Closure conversion.
Here's the full L5 language:
e ::= (lambda (x ...) e)
| x
| (let ([x e]) e)
| (letrec ([x e]) e)
| (if e e e)
| (new-tuple e ...)
| (begin e e)
| (e e ...) ;; application expression
| prim
| num
prim ::= biop
| pred
| print
| new-array
| aref
| aset
| alen
biop ::= + | - | * | < | <= | =
pred ::= number? | a?
Goal: to turn a program in L5 into an L4 program.
The key difference is that functions in L4 are all at the top (also we
have to eliminate letrec expressions; see the end of the notes for
that). So we need to find a way to lift out all functions. The only
thing stopping us from doing that is the free variables in the body of
the function.
So, the way we do this is to create closures, via a program
transformation. Namely, we create a pair that holds a label with the
values of the free variables to stand for the lambda expression,
and we pass that around at runtime. Then, when we call the function,
we supply the extra variables (in the tuple) as an extra argument.
For example, consider the inner procedure here:
(let ([x 1])
(let ([f (lambda (y) (+ x y))])
(f 1)))
There are two free variables in the body, x and y. Since y is the
argument, we don't need to worry about it. That leaves x and means
that that procedure needs turn into this closure record:
(make-closure :f (new-tuple x))
where we have this :f defined at the top level:
(:f (vars y) (+ (area vars 0) y))
and then the call site has to change too:
((closure-proc f) (closure-vars f) 1)
meaning we get this L4 program:
((let ([x 1])
(let ([f (make-closure :f (new-tuple x))])
((closure-proc f) (closure-vars f) 1)))
(:f (vars y) (+ (area vars 0) y)))
This example makes a few shortcuts, reusing the existing variable name
f and substituting (aref vars 0) into the body. To make this
transformation general purpose, however, we can in general introduce
lets.
Specifically, if we see
(lambda (x ...) e)
in the program, we replace it with
(make-closure :f (new-tuple y1 y2 ... y-n))
where (y1 y2 ... y-n) are the free variables in (lambda (x ...) e),
and we create a new procedure:
(:f (vars-tup x ...)
(let ([y1 (aref vars-tup 0)])
(let ([y2 (aref vars-tup 1)])
...
(let ([y-n (aref vars-tup n)])
e))))
Note that vars-tup does not need to be a fresh variable, but :f needs
to be a fresh label (this is relatively easy, however, since there are
no labels in L5 programs).
If we see an application expression:
(e0 e1 ... en)
then we replace it with this:
(let ([f e0])
((closure-proc f) (closure-vars f) e1 ... en))
Note that the 'f' needs to be a fresh variable here, since it must not
shadow any variables that are free in e1 ... en.

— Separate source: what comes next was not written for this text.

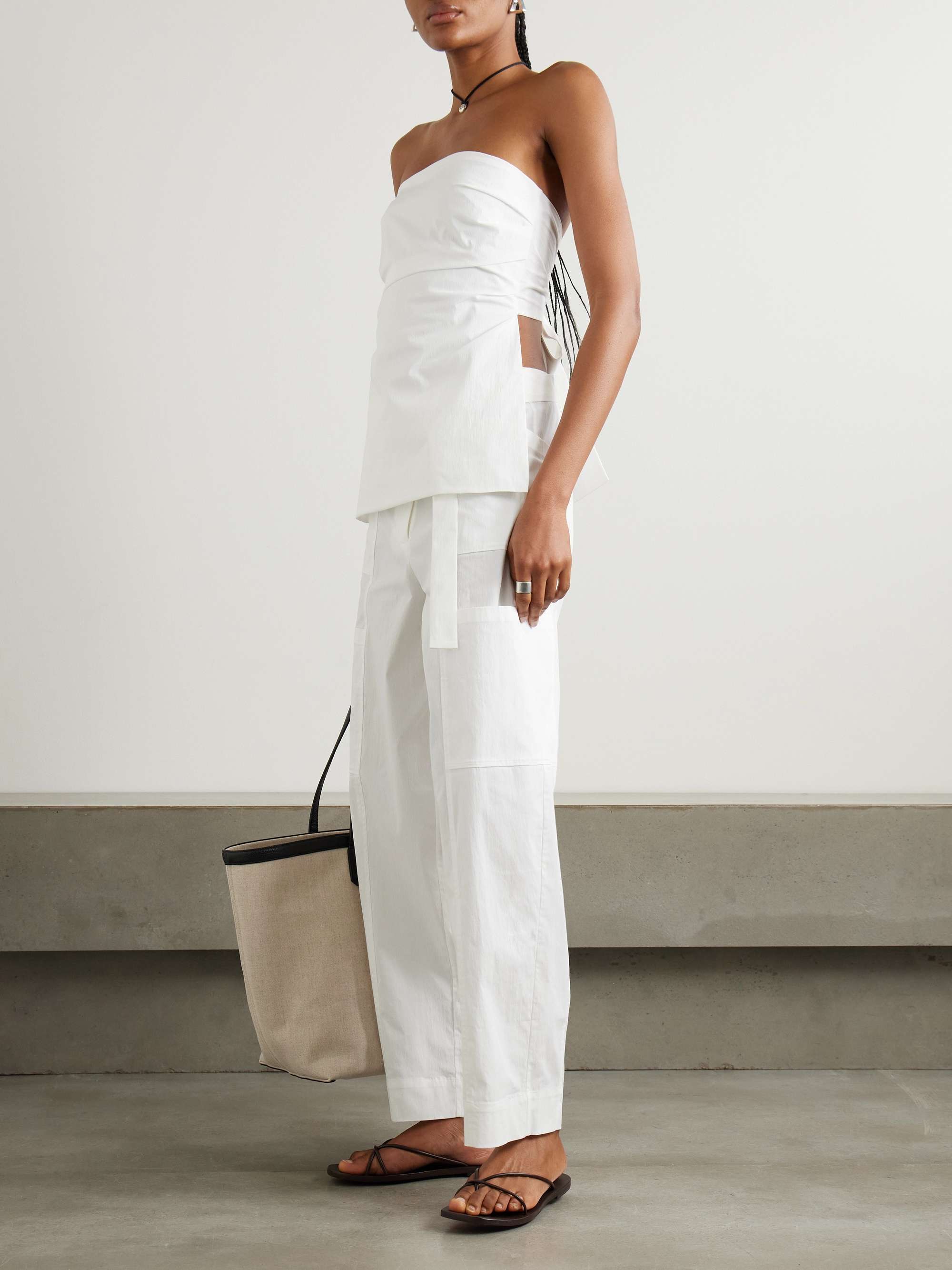 Strapless tie-back ruched cotton-blend top view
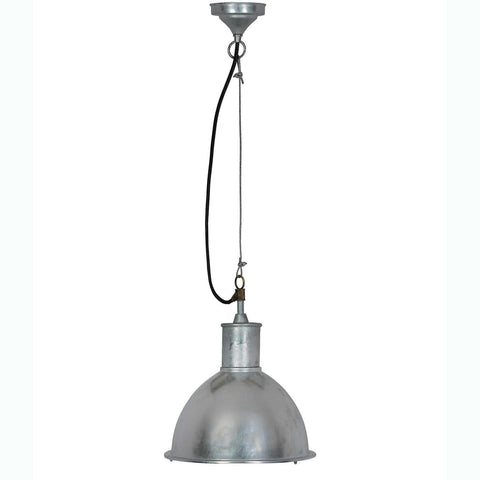 St Ives Bay Outdoor Pendant Light with galvanised steel dome shade and adjustable cables for outdoor industrial lighting.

There are a three issues to clean up here, tho:
- L4 has an argument limit of 3 and L5 has no argument limit. One way
to deal with this is to package up all of the arguments into a
second tuple and thus make every function that the compiler
generates take two arguments and the body then begins with two sets
of 'let' expressions, one that unpacks the arguments and one that
unpacks the closure variables.
But this causes problems because we do not have a garbage
collector, so any call to a recursive function is going allocate
(and thus probably run out of memory). So, instead, you need to
have a special case: if there are 2 or fewer arguments, pass them
directly as arguments. If there are 3 or more, create a tuple.
But watch out: the interpreters use GC so you won't see such bugs
with tests that allocate too much (so this means you may only fail
in the speed test....)
- when a primitive operation shows up in the function position of an
application, we need to just leave it there. But when it shows up
in some other place, we just turn it into lambda expression and
then closure convert it. For example:
(+ x y) => (+ x y)
(f +) => (f (lambda (x y) (+ x y)))
That way, all primitives show up in the function position of an
application and we already know how to deal with that newly created
lambda.
[ Note that although new-tuple is really a function, we treat it
specially and do not allow you to pass it around, because L5 does
not have n-ary functions. That is, each function has only one
fixed arity, but new-tuple's can accept any number of arguments
so if someone passes around new-tuple then we cannot closure
convert that program. ]
- letrec expressions. They need to turn into 'let's, like this:
(letrec ([x e1]) e2)
=>
(let ([x (new-tuple 0)])
(begin (aset x 0 e1[x:=(aref x 0)])
e2[x:=(aref x 0)]))
where the expression e[x:=(aref x 0)] means to replace
all *free* occurrences of 'x' in e with the expression
(aref x 0).
(The equation above is an L5 to L5 transformation.)